Review this list of the top 10 scams targeting seniors so you can help yourself or a loved one avoid being taken advantage of.
Typically, the grandparent scam works like this: a perpetrator calls a senior on the telephone and whispers or mumbles phrases designed to get the senior to reveal a grandchild’s name. For example, the caller may say “Grandma, it’s me!” or “Grandma, is that you?” Once the perpetrator has the grandchild’s name, he or she will impersonate the grandchild and claim to have lost a wallet or been in an accident. Then, the perpetrator will ask the senior to wire money to the perpetrator — which often doesn’t require identification to collect.
Medicare’s universal coverage makes it easy for perpetrators to pose (either on the phone, in person, or via email) as Medicare representatives and ask seniors to provide personal information which they can then use to set up accounts or apply for credit cards.
This scam is usually perpetrated with letters, phone calls, or email. Whatever the form, the message will say something like “Congratulations! You’ve just won a lottery!” with a request to deposit a large amount of money into your personal checking account. However, you need to immediately wire a portion of the funds to a foreign account to cover various taxes and administrative fees.
Tips: Legitimate lotteries pay taxes directly to the government rather than being reimbursed from winners’ proceeds. It is against U.S. law to play a foreign lottery by mail or by telephone.
Many seniors, because of health care costs, will shop around online to find the best price for their prescription drugs — and this is where scam artists might rip them off by providing counterfeit drugs. Not only will the senior citizen lose the money, but they will receive drugs that may actually harm their health.

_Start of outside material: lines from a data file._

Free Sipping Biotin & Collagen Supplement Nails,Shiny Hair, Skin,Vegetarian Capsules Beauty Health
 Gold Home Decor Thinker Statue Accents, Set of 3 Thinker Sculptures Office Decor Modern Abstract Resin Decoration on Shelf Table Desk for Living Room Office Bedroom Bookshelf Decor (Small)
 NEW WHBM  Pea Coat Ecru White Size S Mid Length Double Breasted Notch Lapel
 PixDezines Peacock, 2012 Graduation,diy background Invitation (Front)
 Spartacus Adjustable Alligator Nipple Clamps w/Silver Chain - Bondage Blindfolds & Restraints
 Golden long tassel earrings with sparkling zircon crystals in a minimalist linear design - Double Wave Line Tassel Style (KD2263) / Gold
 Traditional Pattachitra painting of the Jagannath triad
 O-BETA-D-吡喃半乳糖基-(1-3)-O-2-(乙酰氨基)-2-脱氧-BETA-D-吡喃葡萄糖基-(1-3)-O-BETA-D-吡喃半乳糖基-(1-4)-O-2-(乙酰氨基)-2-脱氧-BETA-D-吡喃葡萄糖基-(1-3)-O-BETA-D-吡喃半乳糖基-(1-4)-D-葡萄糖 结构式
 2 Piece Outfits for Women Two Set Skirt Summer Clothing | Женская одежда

There are two different types of funeral and cemetery fraud to watch out for. First, a perpetrator will read the obituaries or attend a funeral to find the contact information for a widow or widower. Then, the perpetrator will claim he is owed money and continue to extort the grieving victim.
The other scam is perpetrated by disreputable funeral homes that pad the already large cost of funeral services and add in unwarranted charges. Both scams usually are perpetrated in person.
You receive a telephone call from what seems to be a legitimate company. There are problems with your account and the company simply needs to verify some information. The caller seems to already have information about you so you feel comfortable sharing additional information, such as your account number, to help the company correct the problems with your service.
Preying on an older person’s desire to look (and feel) younger, scammers can create bogus anti-aging products or remedies that do not halt the aging process or even conceal the effects of aging.
Unscrupulous people working in real estate, financial services, or related companies may use reverse mortgage scams to steal equity from the property of senior citizens. In many of these scams, seniors are offered free homes, amazing investment opportunities, or assistance with foreclosure or refinancing in exchange for their home’s deed.
In one of the most common financial frauds of all time, a senior citizen receives a letter, an email, or a fax from a foreign “dignitary.” The correspondence promises huge monetary rewards in exchange for helping an official from a foreign country out of an embarrassing legal problem. All the senior needs to do, the correspondence states, is to send a small amount of money (in comparison to what he/she will receive in turn) to help out the foreign dignitary. Of course, the victim never receives any rich reward and loses the money that is sent.
These scams include a call from someone claiming to be from a large computer company asking for permission to access the senior’s computer remotely to resolve a service issue or virus. The perpetrator then accesses saved data on the computer, such as names, addresses, account numbers, and other personal information. They use the information to apply for loans, credit cards, or to steal the senior’s identity.
Phishing is usually a two-part scam involving emails and spoof websites. Fraudsters, also known as phishers, send an email to a wide audience that appears to come from a reputable company. This is known as a phish email.
In the phish email, there are links to spoof web sites that imitate a reputable company’s web site. Fraudsters hope to convince victims to share their personal information by using clever and compelling language, such as an urgent need to update information immediately or a need to communicate with you for your own safety or security. Once obtained, personal information can be used to steal money or transfer stolen money into another account.